When you return the material, keep every line exactly as it is and omit the pictures.
Start of Given data
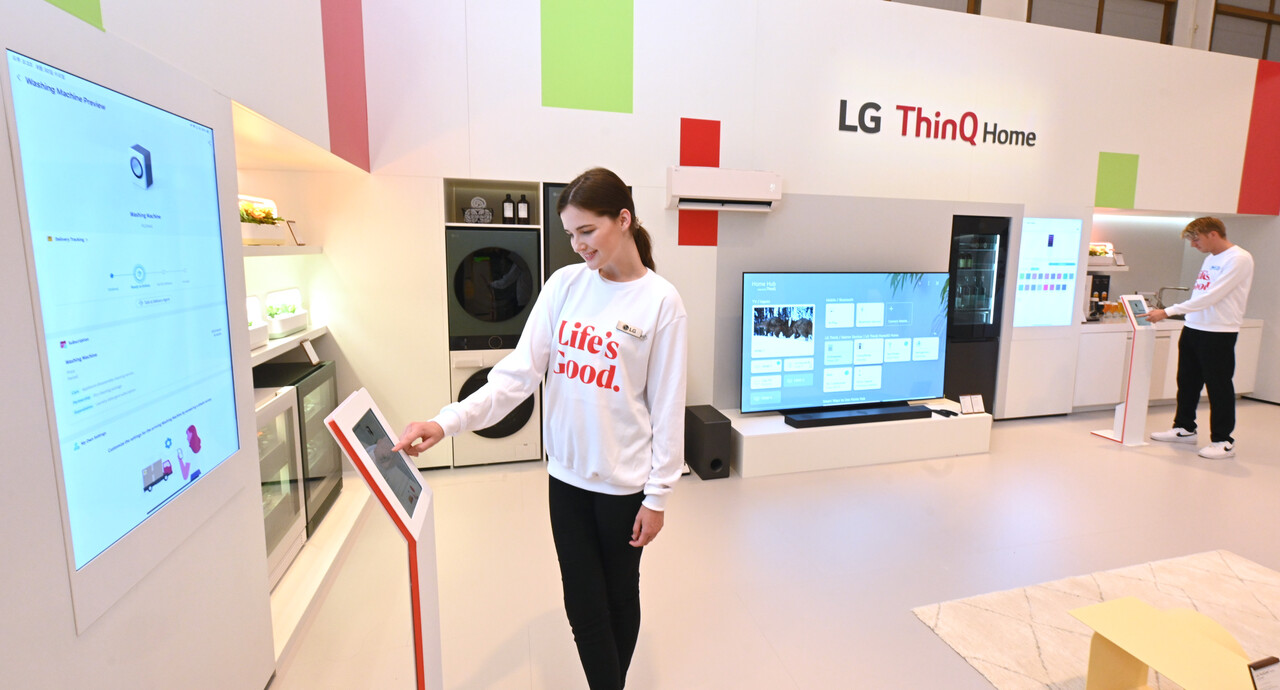 모델들이 LG 씽큐 홈(ThinQ Home) 전시 공간에서 LG UP가전과 구매단계부터 다양한 고객 니즈에 맞춘 초개인화 가전인 LG UP가전 2.0을 소개하고 있다.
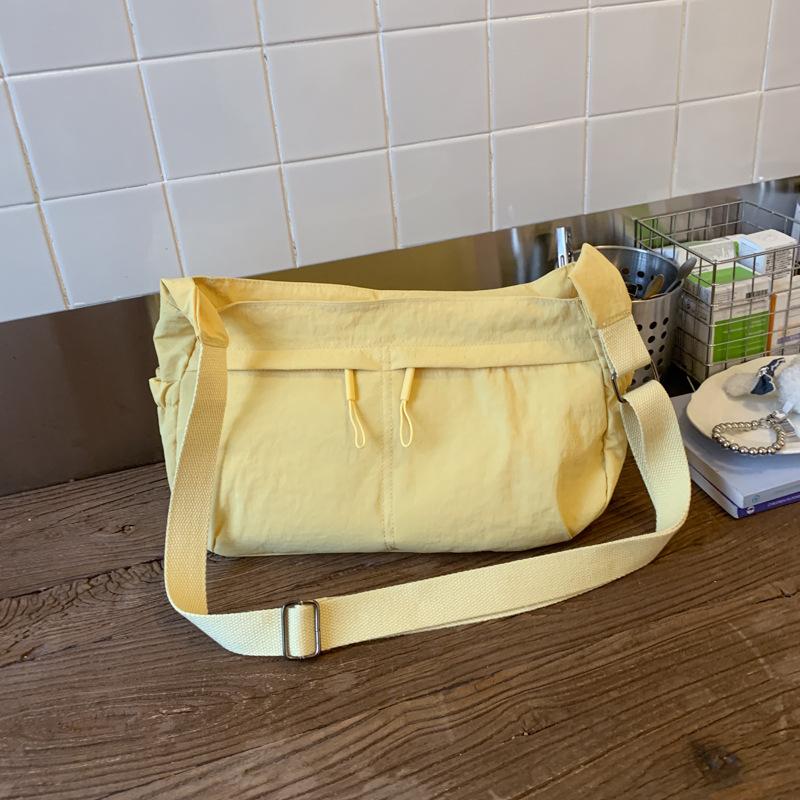 Autumn 2025 new simple and fashionable foreign large-capacity crossbody bag trendy cloth bag women s solid color niche shoulder bag жёлтый
Autumn 2025 new simple and fashionable foreign large-capacity crossbody bag trendy cloth bag women s solid color niche shoulder bag жёлтый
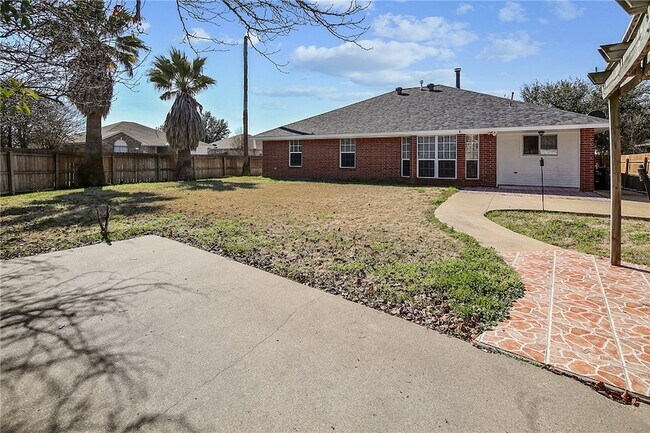 Building Photo - 3800 Stony Creek Ln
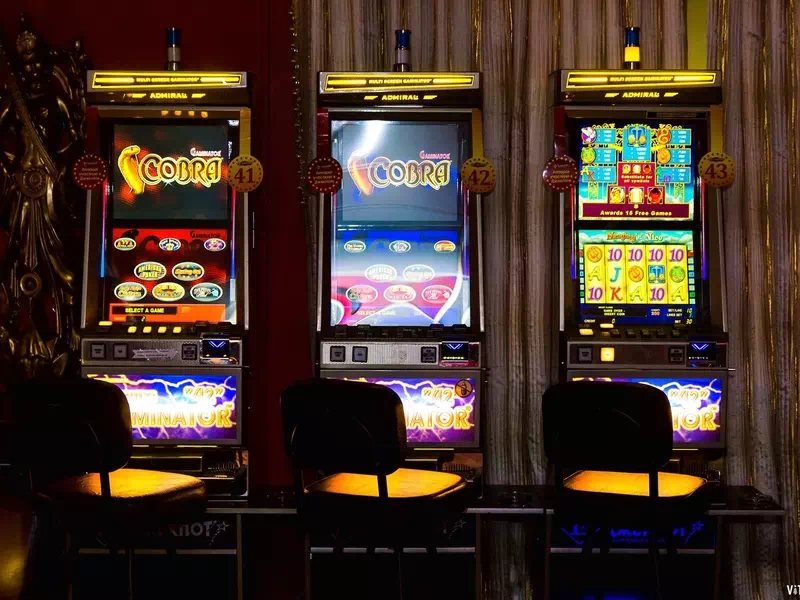 Tiešsaistes kazino Vulkan Vegas piedāvā ģenerozu iepazīšanās bonusa paketi jaunajiem spēlētājiem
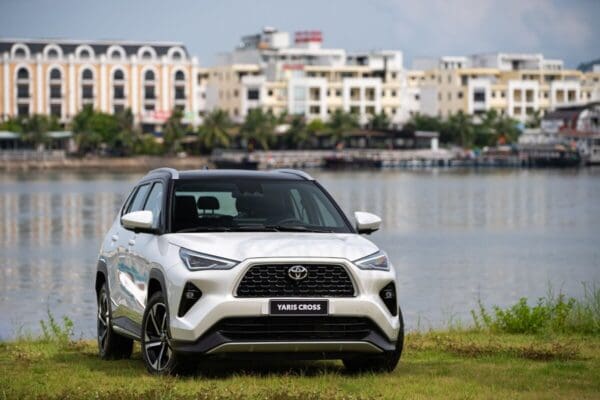 Yaris Cross Ngoai Thất 30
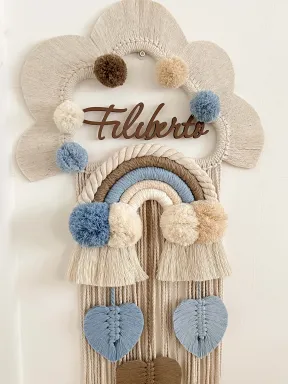 Personalisierte Makramee-Geburtsdeko mit Namen, handgefertigt aus natürlicher Baumwolle und Holz.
End of Given data
Exercise output –
 모델들이 LG 씽큐 홈(ThinQ Home) 전시 공간에서 LG UP가전과 구매단계부터 다양한 고객 니즈에 맞춘 초개인화 가전인 LG UP가전 2.0을 소개하고 있다.
 Autumn 2025 new simple and fashionable foreign large-capacity crossbody bag trendy cloth bag women s solid color niche shoulder bag жёлтый
Autumn 2025 new simple and fashionable foreign large-capacity crossbody bag trendy cloth bag women s solid color niche shoulder bag жёлтый
 Building Photo - 3800 Stony Creek Ln
 Tiešsaistes kazino Vulkan Vegas piedāvā ģenerozu iepazīšanās bonusa paketi jaunajiem spēlētājiem
 Yaris Cross Ngoai Thất 30
 Personalisierte Makramee-Geburtsdeko mit Namen, handgefertigt aus natürlicher Baumwolle und Holz.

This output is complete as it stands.